* [Problem requirements]: Output the data below exactly as it is, dropping the pictures from your copy.

* [Extracted material]:
--*--
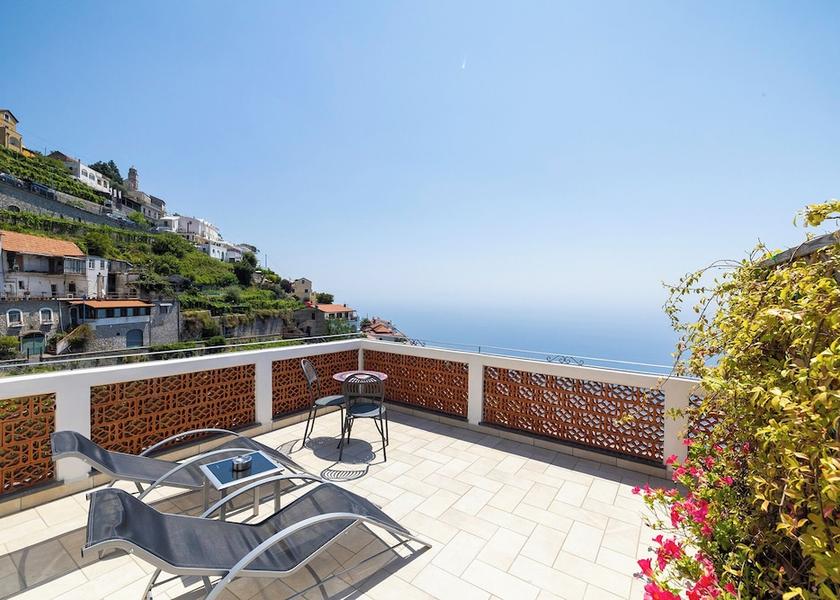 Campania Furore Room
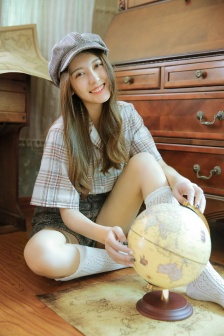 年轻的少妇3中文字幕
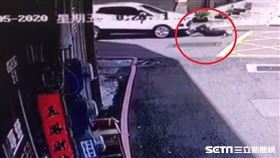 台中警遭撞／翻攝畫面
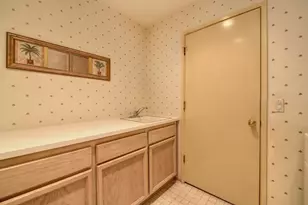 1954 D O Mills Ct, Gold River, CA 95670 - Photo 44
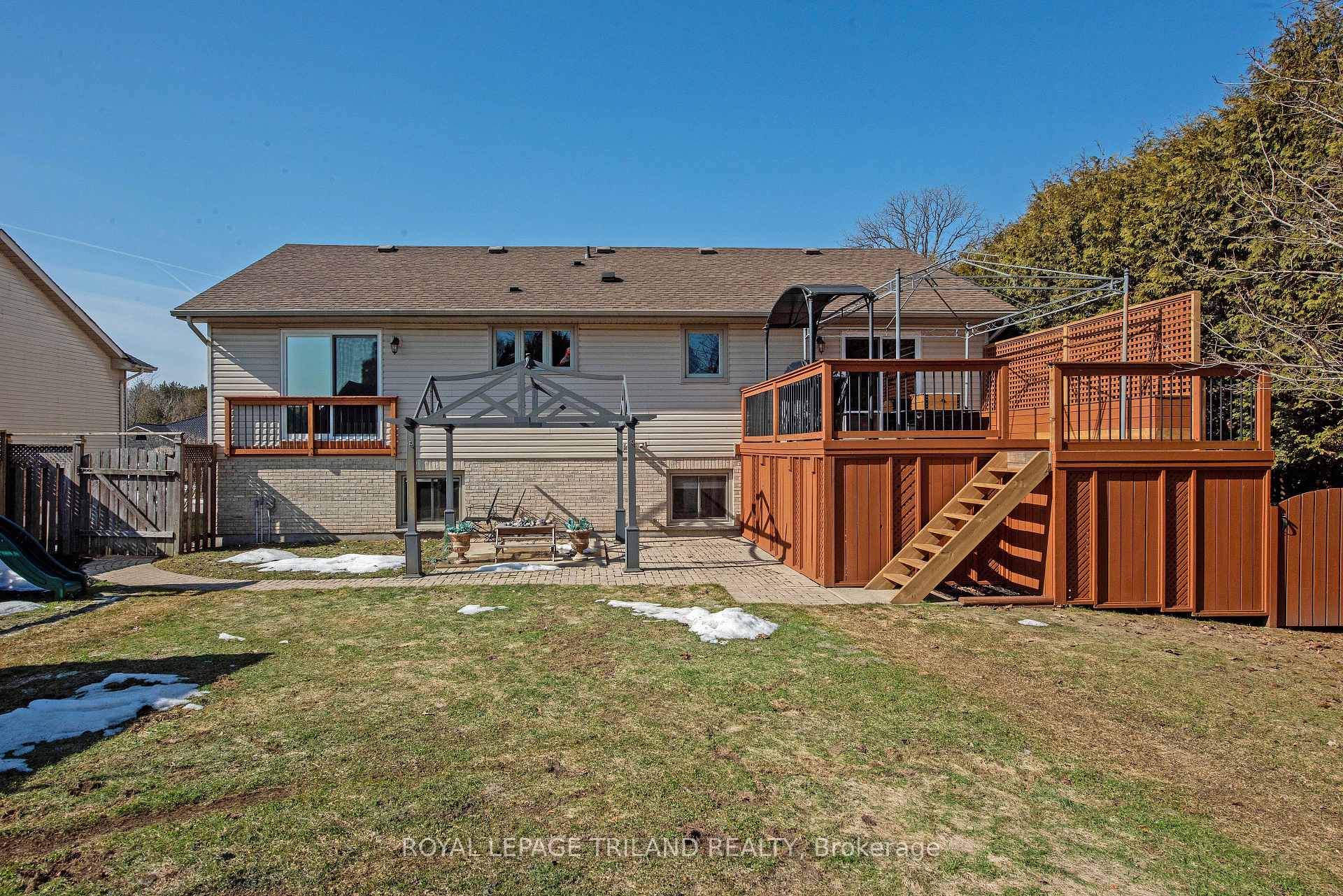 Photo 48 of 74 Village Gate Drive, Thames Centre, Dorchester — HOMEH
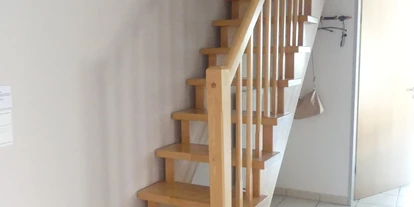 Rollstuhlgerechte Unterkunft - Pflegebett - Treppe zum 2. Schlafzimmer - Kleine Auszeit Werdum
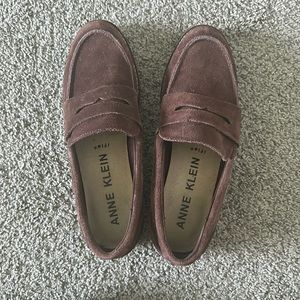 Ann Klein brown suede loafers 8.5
--*--
* [Answer for the task]:
 Campania Furore Room
 年轻的少妇3中文字幕
 台中警遭撞／翻攝畫面
 1954 D O Mills Ct, Gold River, CA 95670 - Photo 44
 Photo 48 of 74 Village Gate Drive, Thames Centre, Dorchester — HOMEH
 Rollstuhlgerechte Unterkunft - Pflegebett - Treppe zum 2. Schlafzimmer - Kleine Auszeit Werdum
 Ann Klein brown suede loafers 8.5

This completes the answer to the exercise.